What should you title in your trust.

Dear Len & Rosie,

We are having our trust updated and have had two different opinions on checking accounts and CD’s.  Should we have our regular checkingaccount in the trust?  Should we have the money market account in the trust?  Should we have the CD in the trust?

Frank

Dear Frank,

As a general rule, you should retitle all of your assets into your trust, but there are exceptions. Don’t bother going to the DMV to transfer your vehicles into the trust. If you die owning an automobile, your heirs can retitle it in their names at the DMV forty days or more after your death. All they need is your death certificates, the vehicle’s title, and DMV Form REG-5.

Unless your lawyer advises you to do otherwise, do not transfer any retirement account into your trust or name your trust as a retirement account beneficiary. Transferring a retirement account into a trust means you’re cashing in the account, and you’ll have to pay income tax on all of that money all at once. And in many cases, IRAs, 401Ks and other retirement accounts paying into a trust must be cashed out within five years of your death.

It is possible for a trust to roll over a retirement account into an Inherited IRA, but most of the time it isn’t worthwhile. The only time you should seriously consider doing so is if you have a minor or disabled child, or a spendthrift child who will spend a buck fifty for every dollar you leave them.

If you and your wife name one another as primary beneficiary of each of your retirement accounts, and you name your children or other chosen heirs are named as contingent beneficiaries, then they will be able to roll over the accounts into Inherited IRAs, allowing them tocash in your retirement accounts over their own lives.

As for your checking account, it is usually a good idea to keep the account outside of your trust. Instead, title the account in you and your wife’s names. Then, when one of you starts slowing down, add someone you trust to the account so he or she may write checks in the event of a death or incapacity.

When you and your wife die or become incapacitated, your successor trustee will take over, but that cannot happen overnight. It takes a couple of weeks to round up certificates of death or doctor letters to allow for your removal as trustee. If you add someone to your checking account now, it will make that person’s job easier when the time comes.


Len & Rosie

Concerned about entering into a Domestic Partnership

Dear Len & Rosie,

My partner and I are thinking about registering for a domestic partnership. I am female and age 64. I plan to draw my full Social Security benefit at age 66. If I die will he be able to collect half of my benefits? Also, my partner’s father has let us live in a home owned by him and his late mother.

He is keeping the house in his name for tax purposes under Prop 13 and says it is “all in his will” so my partner will get the house when he passes away. I am nervous that if my partner passes away before his father I may not have a place to live. Can’t my partner have his name put on the deed now? That way if we are domestic partners I would be entitled to claim his part of the property? Thank you so much.

Nora

Dear Nora,

California’s domestic partnership law was enacted in 1999, but initially it did not provide for much more than a guarantee of hospital visitation rights for registered partners. Same-sex couples may register at any age. Heterosexual couples may register only if either or both partners are age 62 or older. Over the years, the Legislature has expanded the benefits of domestic partnership to the extent that it’s the same as marriage under California law.

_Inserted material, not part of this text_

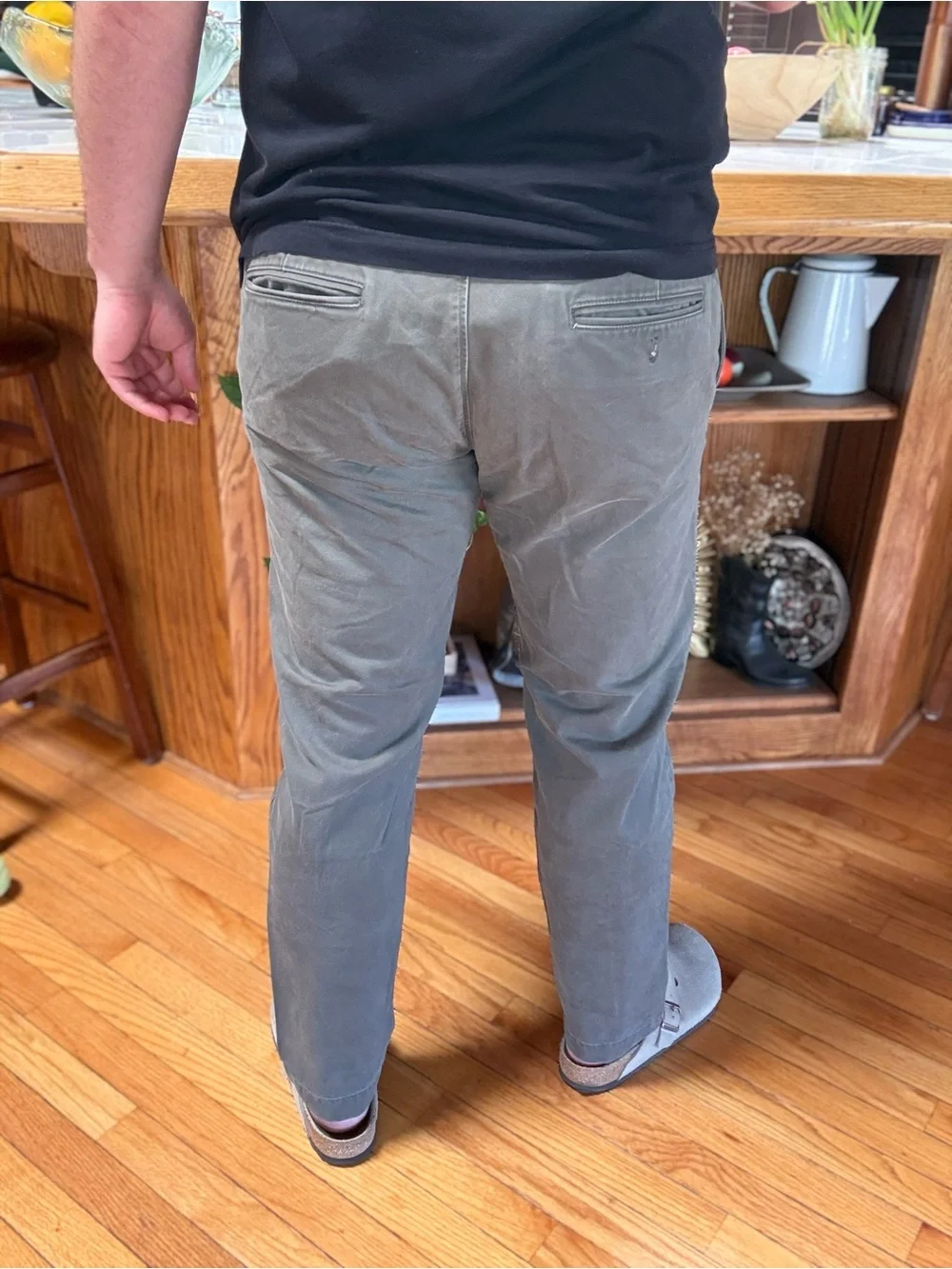 J. Crew slim cut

But a domestic partnership isn’t marriage and has no status under federal law. If you register as domestic partners, you can’t collect off of one another’s Social Security wage and earning history. If you want Social Security benefits from your partner, the two of you will have to get married.

As far as the home goes, it’s not owned by your partner. It’s up to his father to deal with it within his own estate plan. He could give the home to your partner, if he wants to, but you can’t force him to do so. If he does transfer the property, you shouldn’t be added to the deed unless you and your partner are married or have registered as domestic partners with the California Secretary of State. This is important, because putting you on the deed before marriage or registration may result in a property tax reassessment under Proposition 13.

So why hasn’t he given the home to your partner? It’s hard to say. He may not trust his son. He may not want you to get it. He may be a man with Depression Era Syndrome who isn’t willing to give up anything before his death. What we can tell you is that once your partner gets the property, it will still be his sole and separate property that he doesn’t have to leave to you.

You have good reason for concern. We have spoken to many people who face a bleak financial future because they naively stuck with spouses, domestic partners, or friends who were not willing to provide for them. It is perfectly acceptable for you to stand up and ask for what you need, and cut your losses if you don’t get it. What you need to do is to have a frank discussion with your partner. Let him know that you are willing to enter into a permanent relationship, but only if he’s willing to provide for your future.